L’appel à soutenir le gouvernement ukrainien couplé à une unique focale anti-russe n’est pas une position internationaliste. Pire, cela sous-entend que le gouvernement russe est seul responsable de la situation : on ment au peuple et on le désinforme. Est-ce le rôle de la CGT de se prêter à un tel jeu ?
Quatrième remarque : le nationalisme ukrainien, un des nationalismes les plus antisémites, racistes, homophobes, anti-tziganes, anticommunistes, est un poison qui irrigue désormais l’ensemble du spectre politique ukrainien. On ne le rappellera jamais assez, le basculement violent en 2013-2014 de l’État ukrainien dans le giron occidental a été rendu possible par la force de frappe des militants néonazis ukrainiens. Ce sont d’ailleurs ces mêmes militants qui ont massacré une centaine de syndicalistes et d’antifascistes à Odessa, avec la complicité des institutions et dans le silence médiatique le plus absolu.
Après 8 ans de régime autoritaire, les partis de gauche sont interdits et les syndicats réprimés. La présence de bataillons paramilitaires d’extrême-droite comptant des milliers de combattants est désormais connu de tous et toutes.
Comment la direction CGT peut-elle, d’un côté, appeler à lutter contre l’extrême-droite en France, et de l’autre côté soutenir sans réserves un gouvernement ukrainien gangréné par les idées néofascistes ? Cela n’est ni cohérent, ni sérieux, ni antifasciste.
Cinquième remarque : la mention de « déportation » de population interroge. D’une part, ce mot, chargé de sens et assimilé à la Shoah, ne reflète pas la réalité du terrain et apparait comme une fake news des plus grossières. D’autre part, il convient de rappeler l’exode de 2014-2015 qui a vu le départ (temporaire ou définitif) de plusieurs centaines de milliers d’Ukrainiens à la suite de la prise violente du pouvoir par les nationalistes ukrainiens et la volonté de briser la résistance dans le Donbass. Autant d’éléments « oubliés » ou visiblement inconnus par un certain nombre de dirigeants.
Résumons : la CGT appelle donc à participer au soutien d’un gouvernement d’extrême-droite, qui interdit les libertés syndicales et les partis progressistes, et mène une guerre terroriste contre sa propre population.
Cette position pose donc un énorme problème de cohérences et de respects des principes internationalistes. Pire, elle nous met tous et toutes en danger en justifiant, d’une certaine manière, l’union sacrée pour la guerre contre la Russie.

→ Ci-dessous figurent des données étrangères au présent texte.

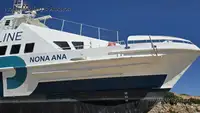 Catamaran de vânzare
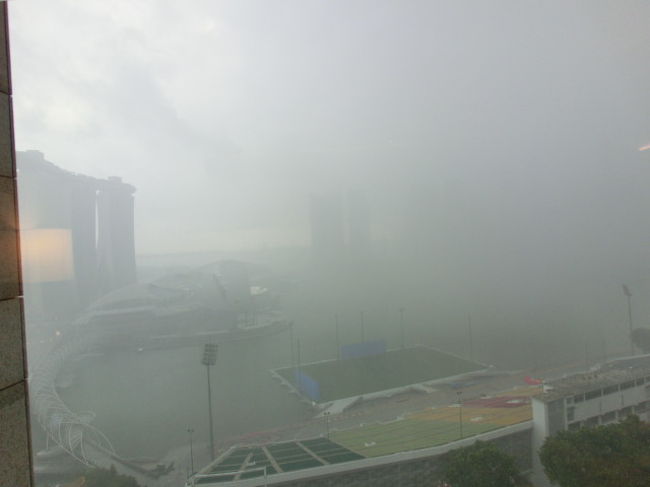 ホテル戻って、ラウンジいってちょっとつまもうと思ったら、このありさま。<br />友達、すごいなー。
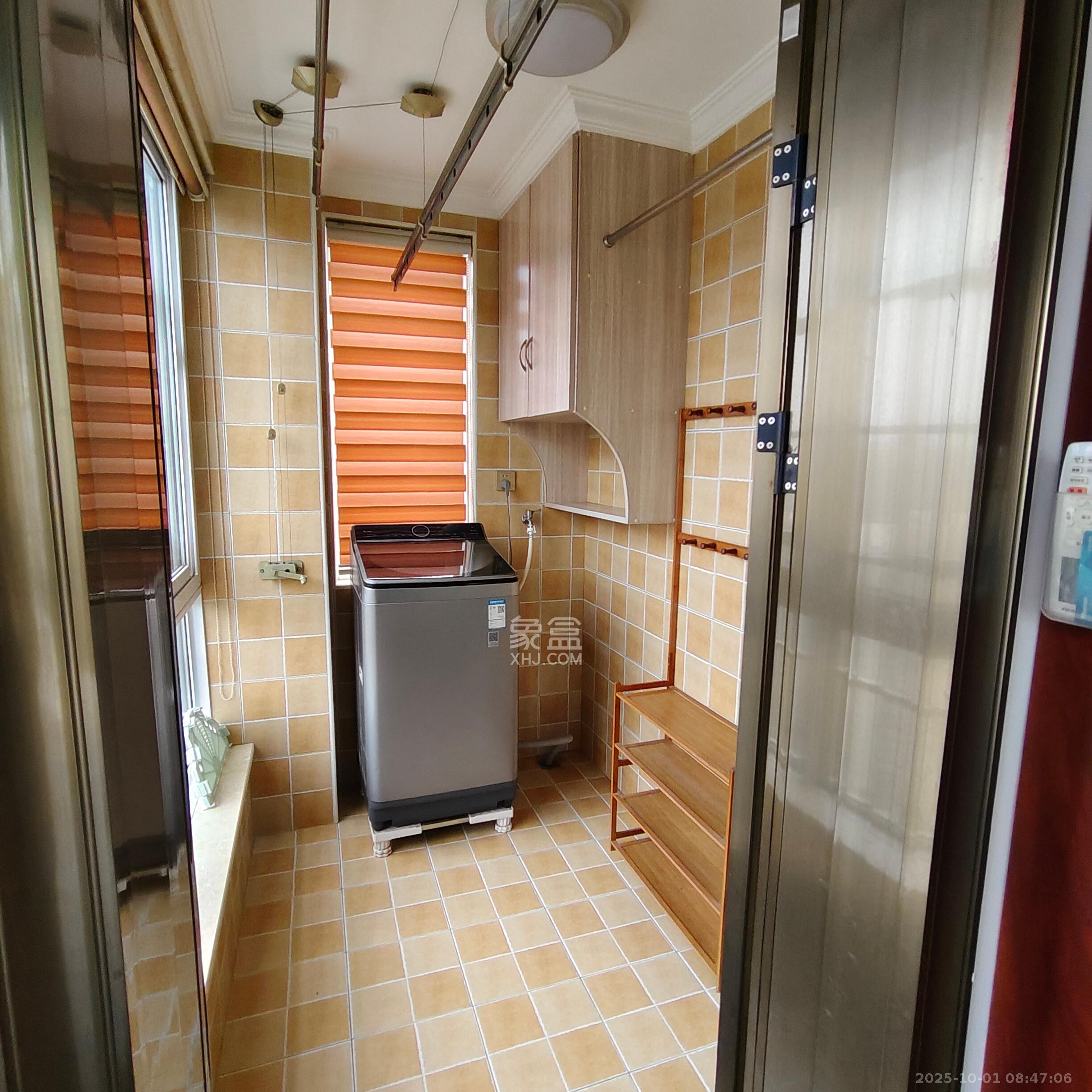 楚天世纪城西苑 3室2厅2卫 2400.0元/月 楚天世纪城西苑 3室2厅2卫 2400.0元/月室内图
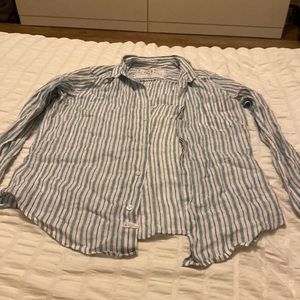 Frank & Eileen Button down top women’s
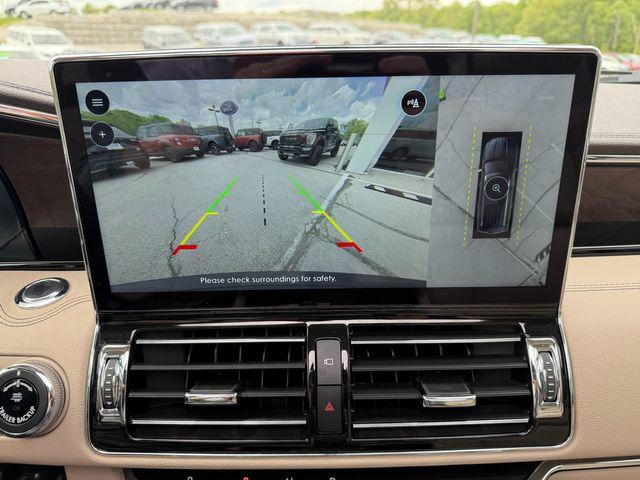 Photo of 2024 White Lincoln Navigator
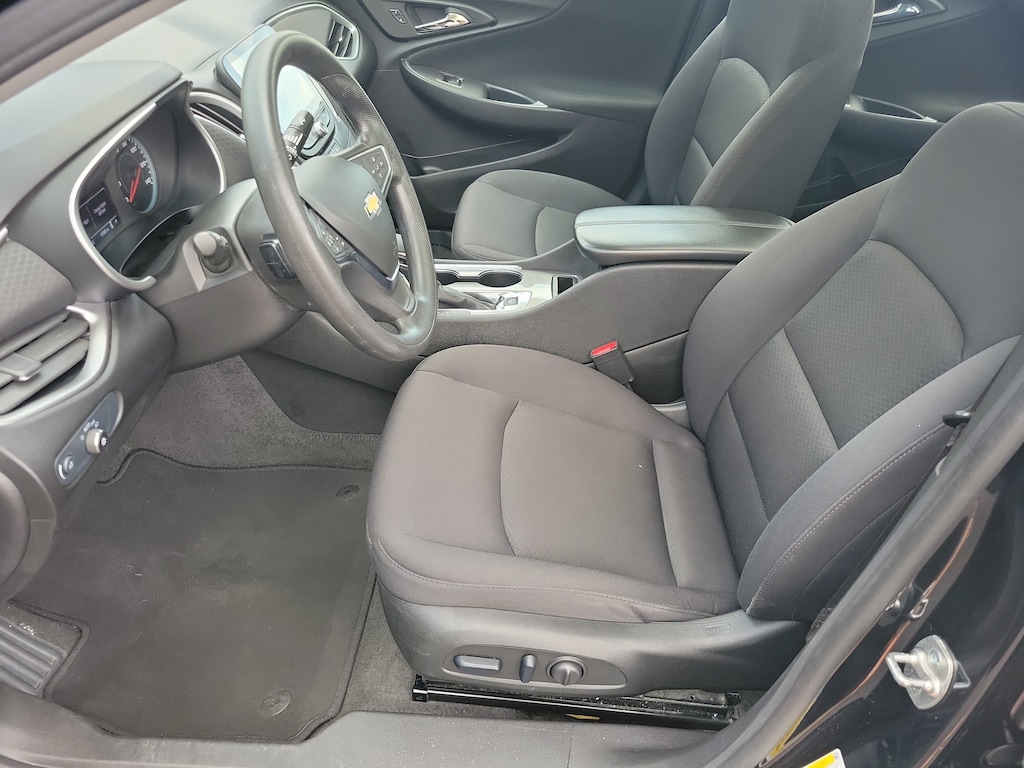 Used 2024 Chevrolet Malibu 1LT Sedan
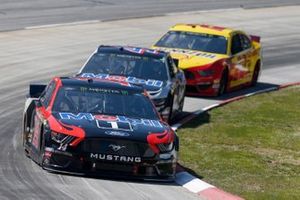 Clint Bowyer, Stewart-Haas Racing, Ford Mustang Mobil 1 / Rush Truck Centers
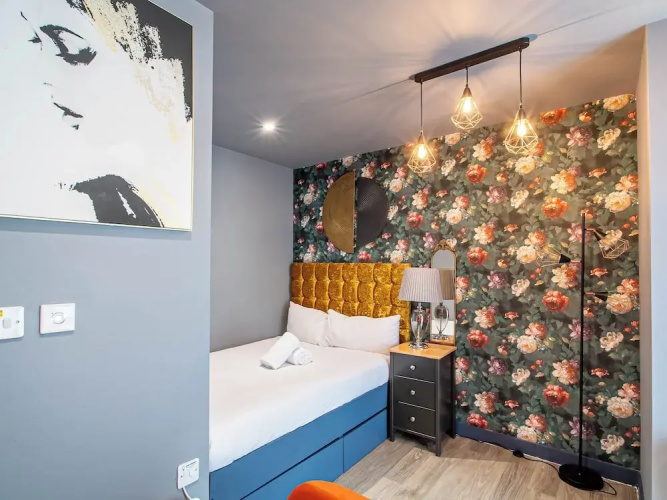 Bright and Spacious Studio in Sheffield Centre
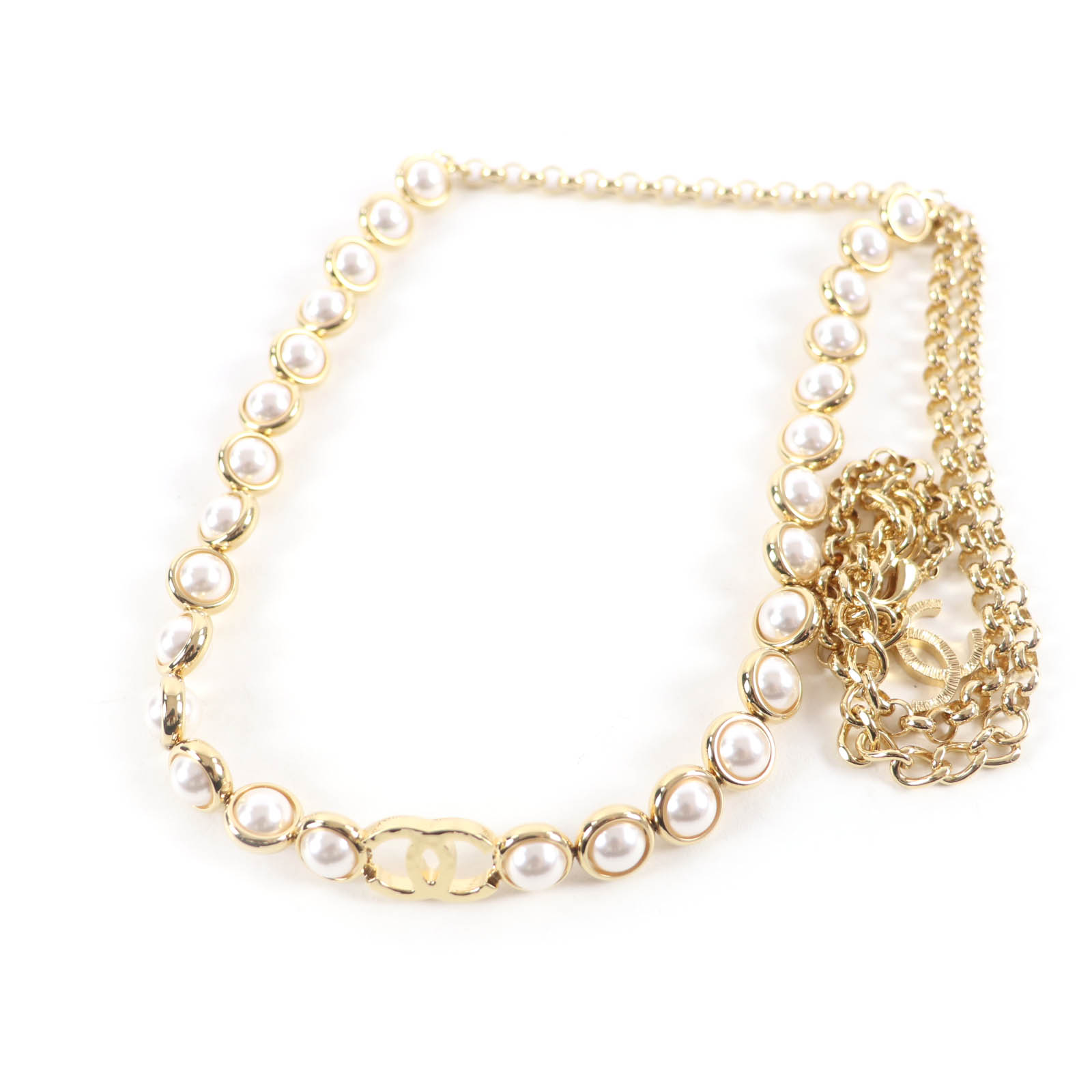 極美品★CHANEL シャネル ABD241 ココマーク フェイクパール チェーン ベルト ホワイト ゴールド金具 箱付き イタリア製 レディース【中古】 121,000円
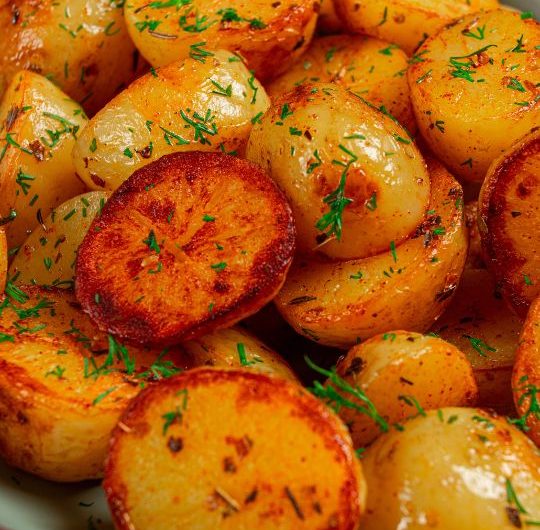 Crispy Oven-Roasted New Potatoes with Garlic Butter and Dill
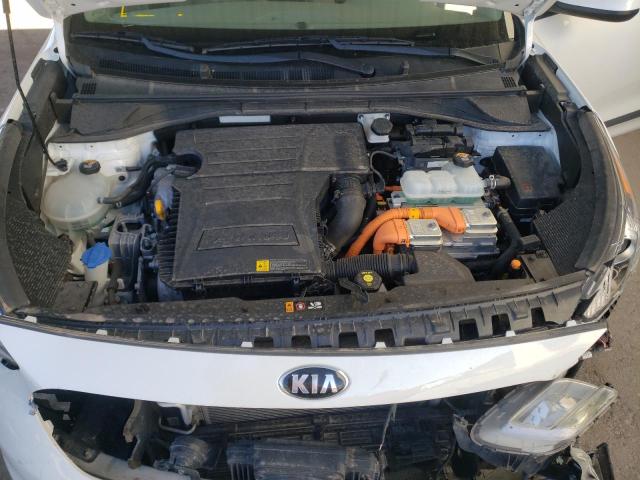 KNDCM3LD9K5337841 KIA NIRO LX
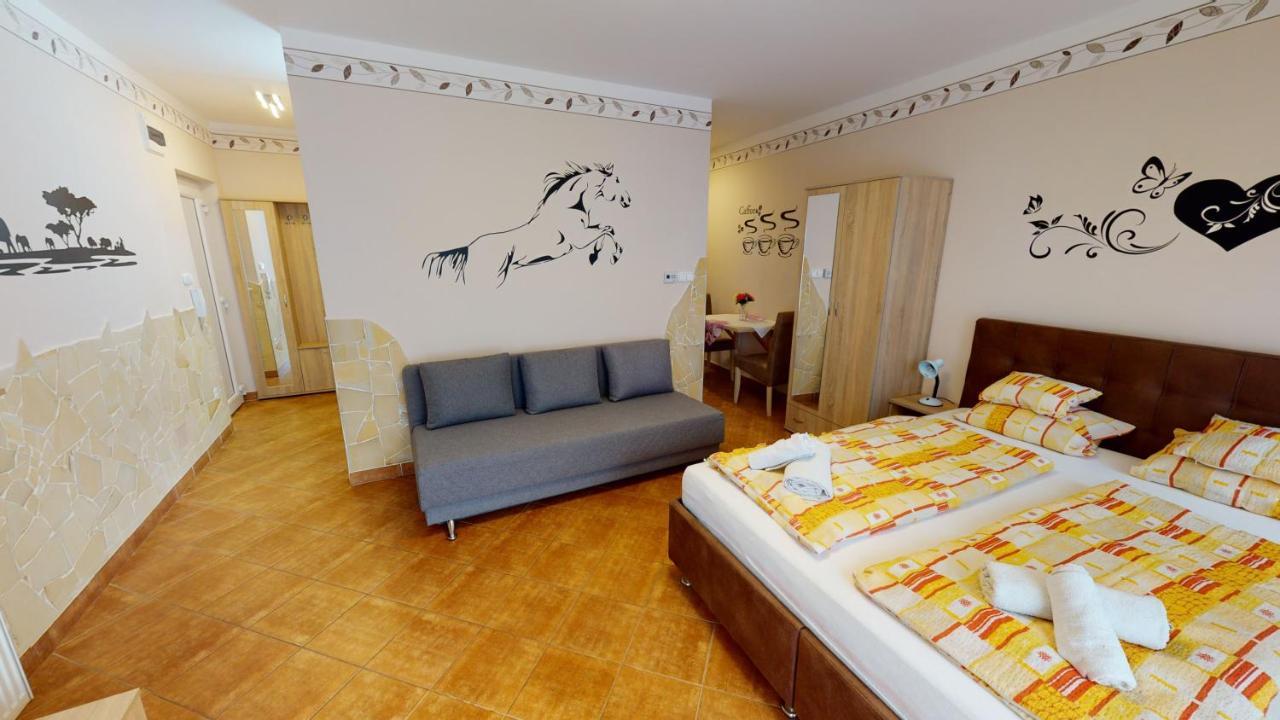 Cristian Apartman Hajdúszoboszló Екстериор снимка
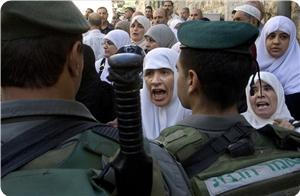 الاحتلال يتعرّى أكثر! بعد الاعتداء على فلسطينيات بالخليل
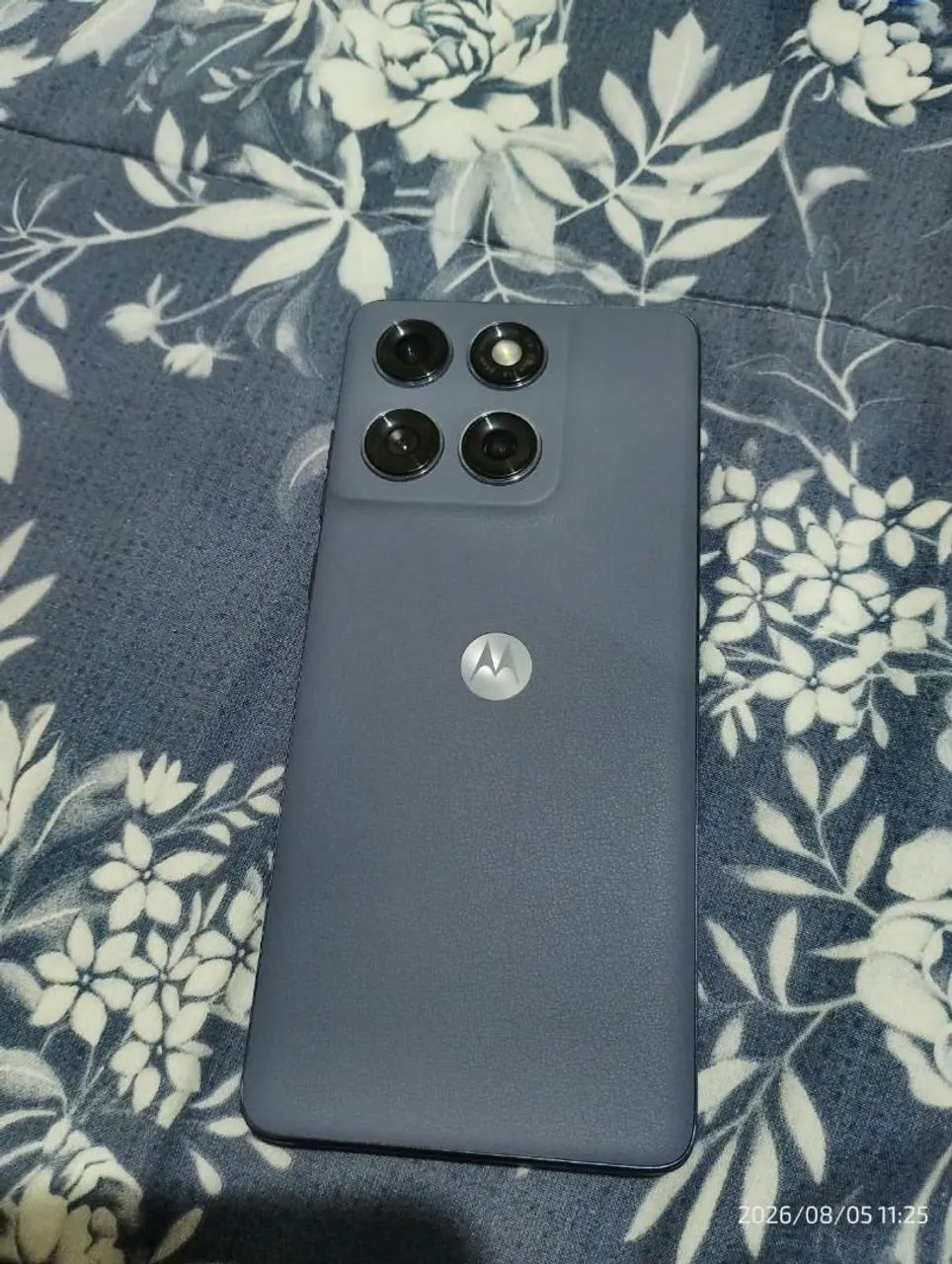 Vendo celular moto Edge 60 fusion  - Foto 2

En ce qui concerne Unité CGT, nous faisons une distinction très nette entre les dirigeants d’État et les peuples. Les peuples de Russie et d’Ukraine, comme le peuple français, ne sont pas coupables des décisions des oligarques ukrainiens, russes, français ou américains. Notre seule boussole, c’est la recherche de la paix et le soutien absolu aux peuples, syndicalistes et militants anti-guerre de ces deux pays.
S’il va de soi que notre collectif appelle bien évidemment au départ des troupes russes, la paix ne peut passer par le soutien financier, militaire, humain accordé à un gouvernement ukrainien, tout aussi coupable de crimes de guerre que l’armée russe.